Are there Happy Endings?
If Ben and Christie follow the same path I did, they are guaranteed to have a happy ending or at least not relapse, right? I wish. The thing I have learned is much like life, recovery comes without a single guarantee. Ben and Christie can follow my exact path, and still face a challenge that sends them back to a drug of choice. Life is still life. Bad things happen to good people for no reason.
Much like a person can drive the same path to work every day, obey the speed limit and get to work on time. Then, one day, the person spills coffee on their shirt, has to change, rushes to work and gets pulled over for speeding. The person shows up 20 minutes late. Life happened. A series of small events led to an unhappy ending. How unhappy the ending all rests on what happens next, and what actions this person makes.

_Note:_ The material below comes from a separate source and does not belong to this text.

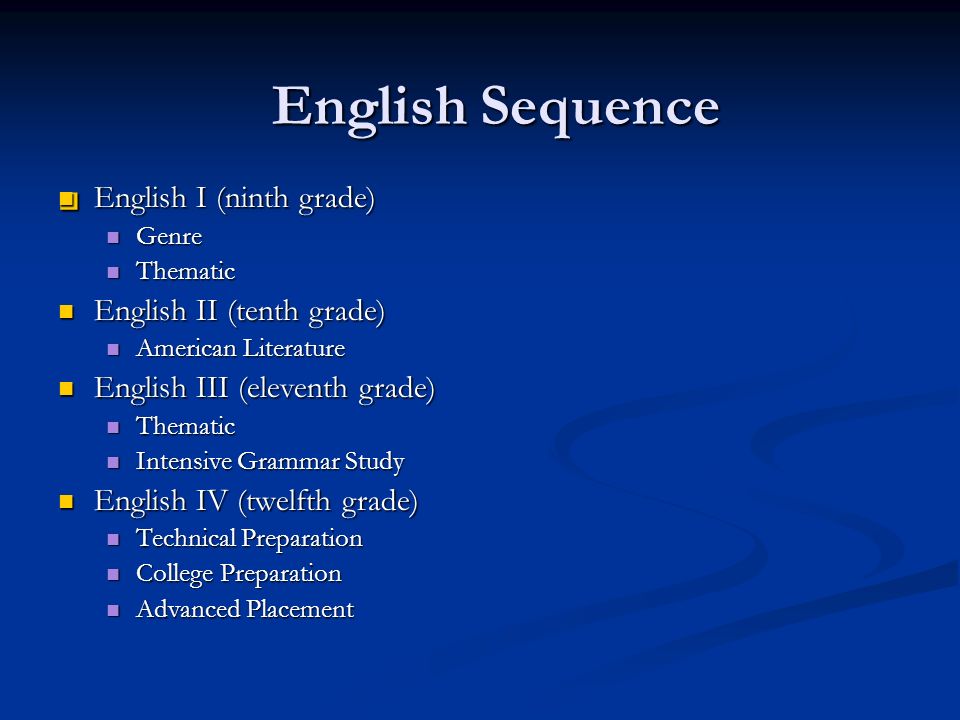 English Sequence English I (ninth grade) English I (ninth grade) Genre Genre Thematic Thematic English II (tenth grade) English II (tenth grade) American Literature American Literature English III (eleventh grade) English III (eleventh grade) Thematic Thematic Intensive Grammar Study Intensive Grammar Study English IV (twelfth grade) English IV (twelfth grade) Technical Preparation Technical Preparation College Preparation College Preparation Advanced Placement Advanced Placement
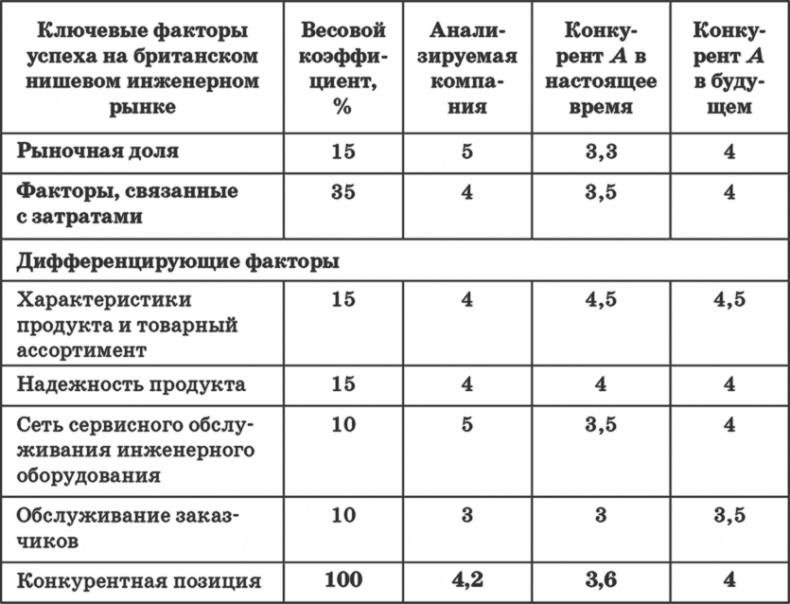 Иллюстрация к книге — Ключевые стратегические инструменты. 88 инструментов, которые должен знать каждый менеджер [i_043.jpg]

Picture one more example. Andrew started drinking and smoking weed at 13. He has been in 10 rehabs in the last 20 years. He has been in jail three times. He has two failed suicide attempts. His parents and siblings won’t speak to him. Andrew works a low-wage job and apartment hops because he can’t afford a place of his own when he is not in jail or rehab. He is really not sure that we wants to or even can get sober. Out of money and fired from his last job, Andrew tries rehab again.
Can you see him?
Who do you think will stay sober Andrew, Ben or Christie?
The simple answer. The ones who want to work for it one day at a time.